FRANKFORT, Ky. (WTVQ)- Some Eastern Kentucky University students took a unique approach some would say ‘dark’ to show state lawmakers in Frankfort they’re not happy with higher education cuts that led to program cuts at their school.
Jocelyn Skinner says theater has been a part of her life since the beginning.
“I was born into a performing arts family. My mom owned a dance studio and my first show was when I was three or four,” said Skinner.
Since then Skinner, a Maryland native, says her love for theater has only grown.
So last year when she started looking at colleges, Skinner knew where she needed to go.
“There is no theater education major in Maryland higher education. So I knew I had to go out of state. And when someone recommended this school to me, I was like 8 hours away, why would I want to do that? But I visited and I fell in love with the campus and the feel of it,” said Skinner.
Now one year into EKUs theater program, Skinner says she’s even more in love.
“It really is a home. It’s a family. It’s not just a bunch of people doing a show together. It’s people who genuinely care about each other,” said Skinner.
But earlier this month that home came crashing down.
“I just started crying,” said Skinner.
Crying because she heard the news that the university decided to cut EKU’s theater program as a part of a campus-wide budget cut brought on by a cut in funding from the state.
“Heartbroken is my only word for it because I fell so in love, not just with the program but with this school itself,” said Skinner.
That heartbreak lead Skinner and her fellow students to hold a symbolic funeral inside the capitol rotunda.
“We decided that we wanted to have a funeral for higher education and we are doing it here, number one to have our voices heard but also to lay higher education to rest where she was killed,” said Logan Burris, a student at EKU.
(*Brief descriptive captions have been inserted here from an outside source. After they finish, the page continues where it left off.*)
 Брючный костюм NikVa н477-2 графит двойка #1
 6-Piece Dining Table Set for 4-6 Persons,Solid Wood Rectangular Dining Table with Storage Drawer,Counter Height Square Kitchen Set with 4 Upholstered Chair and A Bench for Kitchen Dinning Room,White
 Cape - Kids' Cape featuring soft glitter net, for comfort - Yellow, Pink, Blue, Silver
“I hope that the people who are making these decisions realize who their hurting and what the impact is of their decisions,” said Skinner.
An impact Skinner says has hit her especially hard.
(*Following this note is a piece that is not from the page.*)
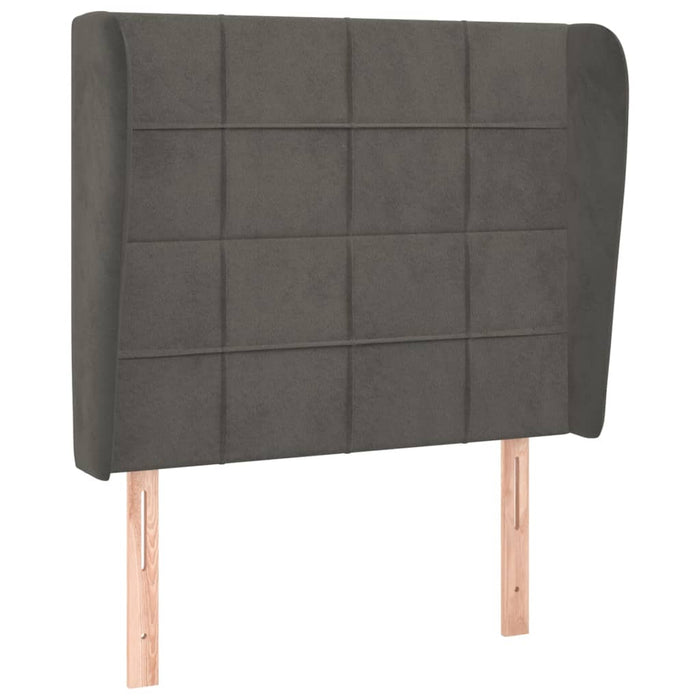 Tăblie de pat cu aripioare gri închis 93x23x118/128 cm catifea WALTI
“Right now it is very up in the air. I know I am transferring back home to Maryland. I don’t know if I am going to stay another year at EKU or if it’s going to be next year,” said Skinner.
While she knows her theater education will continue at another school, Skinner says she’s worried her heart will still be here at EKU.
“I can’t get this feel anywhere. This is a home. This is a family. A lot of bigger universities don’t have that as much. But this, I can tell I’m not going to get this experience anywhere else,” said Skinner.